Pavilion Hotel

Promissory note dated Falls April 7, 1817 between William Forsyth and Mr Clark and Mr Street. Written on paper, it reads:
The Pavilion Hotel was built in 1822 by William Forsyth, a prominent and aggressive businessman whose father, James, had received a Crown Grant of 388 acres of land fronting the Niagara River at the crest of the Horseshoe Falls. He ran a stage coach along the Portage Road, and was the first person to establish a row-boat ferry service across the Lower Niagara River. The Pavilion Hotel was situated just north of Dunn Street, on the East side of the Portage Road (present day Main Street). For many years after its construction, the Pavilion Hotel was considered to be the grandest hotel in the vicinity of the Falls, and from its balconies, visitors could obtain one of the finest views of the Falls and rapids.

In the earliest surveys of the land by the Falls, 66 feet of land (one chain) bordering the Falls and along the entire river was reserved by the government for military purposes. In an attempt to control the tourist business, Forsyth built a high rail fence around the reserved land which bordered his property.
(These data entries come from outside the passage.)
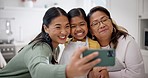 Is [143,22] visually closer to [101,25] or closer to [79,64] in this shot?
[101,25]

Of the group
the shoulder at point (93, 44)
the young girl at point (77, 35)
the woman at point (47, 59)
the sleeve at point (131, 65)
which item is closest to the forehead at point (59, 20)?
the woman at point (47, 59)

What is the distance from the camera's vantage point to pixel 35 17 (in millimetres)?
3639

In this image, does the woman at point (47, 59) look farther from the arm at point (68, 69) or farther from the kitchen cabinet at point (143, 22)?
the kitchen cabinet at point (143, 22)

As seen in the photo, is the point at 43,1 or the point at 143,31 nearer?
the point at 143,31

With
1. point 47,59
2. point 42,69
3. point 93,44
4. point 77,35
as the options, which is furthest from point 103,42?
point 42,69

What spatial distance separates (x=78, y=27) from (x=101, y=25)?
0.48 ft

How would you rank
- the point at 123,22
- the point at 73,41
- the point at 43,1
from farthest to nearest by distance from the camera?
the point at 43,1 → the point at 123,22 → the point at 73,41

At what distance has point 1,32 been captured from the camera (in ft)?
11.7

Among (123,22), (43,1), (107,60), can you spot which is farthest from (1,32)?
(107,60)

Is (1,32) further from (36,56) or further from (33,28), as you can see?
(36,56)

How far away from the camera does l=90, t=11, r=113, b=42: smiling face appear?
1.13 metres

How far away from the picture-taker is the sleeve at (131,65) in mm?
1075

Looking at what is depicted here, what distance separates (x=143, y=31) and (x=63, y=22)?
6.46 feet

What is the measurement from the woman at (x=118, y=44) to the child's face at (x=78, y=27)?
5 cm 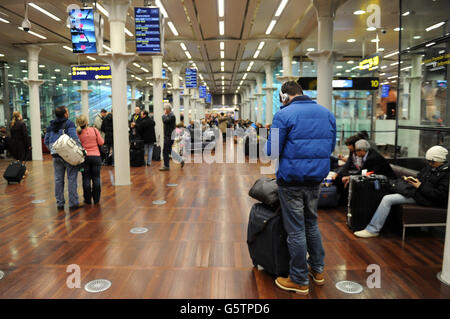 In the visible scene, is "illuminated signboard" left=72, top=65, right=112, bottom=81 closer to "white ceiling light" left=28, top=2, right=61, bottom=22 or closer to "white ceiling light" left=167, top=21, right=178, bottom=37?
"white ceiling light" left=28, top=2, right=61, bottom=22

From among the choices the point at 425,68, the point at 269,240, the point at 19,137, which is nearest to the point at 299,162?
the point at 269,240

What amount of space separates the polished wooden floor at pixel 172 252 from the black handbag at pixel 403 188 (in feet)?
1.83

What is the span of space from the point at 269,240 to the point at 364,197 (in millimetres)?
1928

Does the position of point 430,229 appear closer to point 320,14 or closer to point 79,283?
A: point 79,283

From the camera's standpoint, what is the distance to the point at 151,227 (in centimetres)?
496

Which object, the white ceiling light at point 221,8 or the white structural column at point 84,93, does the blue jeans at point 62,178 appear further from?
the white structural column at point 84,93

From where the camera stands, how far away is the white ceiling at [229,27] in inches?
408

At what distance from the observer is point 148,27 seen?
891cm

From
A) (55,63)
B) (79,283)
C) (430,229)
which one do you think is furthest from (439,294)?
(55,63)

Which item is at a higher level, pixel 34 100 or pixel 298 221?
pixel 34 100

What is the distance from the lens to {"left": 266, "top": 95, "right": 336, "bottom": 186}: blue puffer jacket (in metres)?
2.88

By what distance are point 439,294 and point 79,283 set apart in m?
3.07

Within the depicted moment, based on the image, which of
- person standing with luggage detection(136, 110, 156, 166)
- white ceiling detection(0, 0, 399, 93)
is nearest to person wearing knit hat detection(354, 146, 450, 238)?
white ceiling detection(0, 0, 399, 93)

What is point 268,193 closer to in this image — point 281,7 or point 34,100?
point 281,7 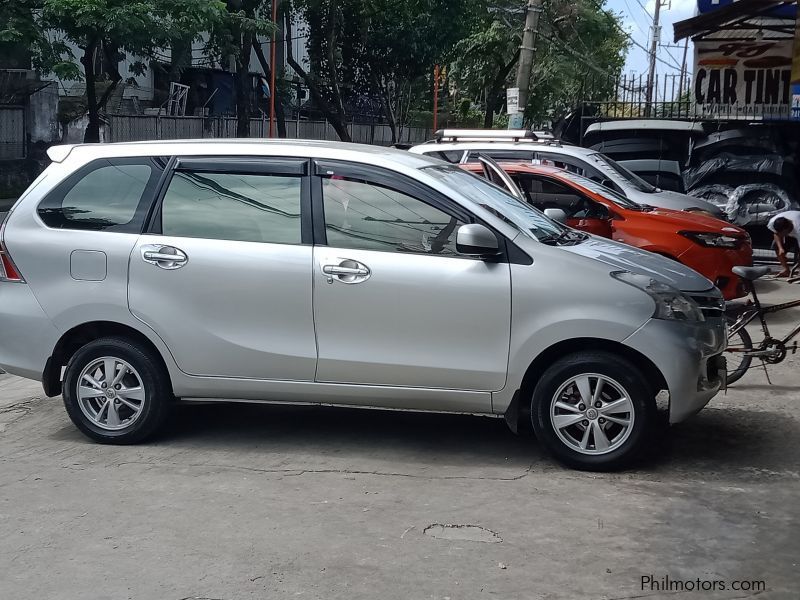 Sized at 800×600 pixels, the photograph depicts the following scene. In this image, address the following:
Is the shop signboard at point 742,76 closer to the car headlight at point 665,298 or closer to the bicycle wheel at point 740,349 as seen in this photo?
the bicycle wheel at point 740,349

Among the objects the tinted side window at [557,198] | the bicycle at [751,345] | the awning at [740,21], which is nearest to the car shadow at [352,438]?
the bicycle at [751,345]

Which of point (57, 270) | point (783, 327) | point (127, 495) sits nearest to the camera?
point (127, 495)

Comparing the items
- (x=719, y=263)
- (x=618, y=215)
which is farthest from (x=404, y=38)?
(x=719, y=263)

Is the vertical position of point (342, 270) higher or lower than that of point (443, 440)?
higher

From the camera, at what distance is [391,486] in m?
5.62

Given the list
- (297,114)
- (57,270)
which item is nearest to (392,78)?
(297,114)

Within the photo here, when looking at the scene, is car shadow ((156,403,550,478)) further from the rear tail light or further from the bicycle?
the bicycle

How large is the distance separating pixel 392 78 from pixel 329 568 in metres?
38.0

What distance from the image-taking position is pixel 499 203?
6.44m

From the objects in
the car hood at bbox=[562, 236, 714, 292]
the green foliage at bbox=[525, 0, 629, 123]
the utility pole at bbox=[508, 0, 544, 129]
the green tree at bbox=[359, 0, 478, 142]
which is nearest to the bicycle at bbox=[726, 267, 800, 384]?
the car hood at bbox=[562, 236, 714, 292]

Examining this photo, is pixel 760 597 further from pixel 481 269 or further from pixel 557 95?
pixel 557 95

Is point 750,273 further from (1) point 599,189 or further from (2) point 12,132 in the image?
(2) point 12,132

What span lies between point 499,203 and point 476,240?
2.50 ft

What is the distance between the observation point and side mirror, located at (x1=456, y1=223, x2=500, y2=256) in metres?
5.75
This fence effectively restricted free access to the Falls, as tourists had to pass through Forsyth's property to reach the Military Reserve. A petition of complaint from fellow hotel owners, whose guests could no longer view the Falls from the reservation land, was sent to Sir Peregrine Maitland, Lieutenant Governor and commander of the military forces of Upper Canada. He authorized a group of soldiers, under the command of Captain Phillpotts, to take down Forsyth's fence, which they did on May 18, 1827. Forsyth rebuilt his fence, but it was again torn down. Forsyth undertook civil action against the Crown, to receive compensation for the damages done to his property. By 1832, however, discouraged by the lengthy and costly proceedings, Forsyth sold his 407 acre property for $15,000 to the Niagara Falls Company, a consortium of prominent men, including Thomas Clark and Samuel Street, who implemented the City of the Falls Project. Forsyth then moved to the Township of Bertie (now part of Fort Erie).

After Forsyth sold his hotel, the Pavilion came to be known as Forsyth's Hotel. It remained the most popular hotel in Niagara Falls, until the construction of the first Clifton in 1833. The coming of the steam railroad in 1837 reduced the number of guests who came to the Pavilion via the Portage Road. The hotel was destroyed by fire in 1839, and although it was rebuilt, it never regained the popularity which it had enjoyed under Forsyth's management. Sometime in the early 1850's, the second Pavilion Hotel was also destroyed by fire, and not rebuilt. A stone cairn commemorating the Hotels, located at the junction of Oakes Drive and Portage, was unveiled by the Lundy's Lane Historical Society on May 6, 1935.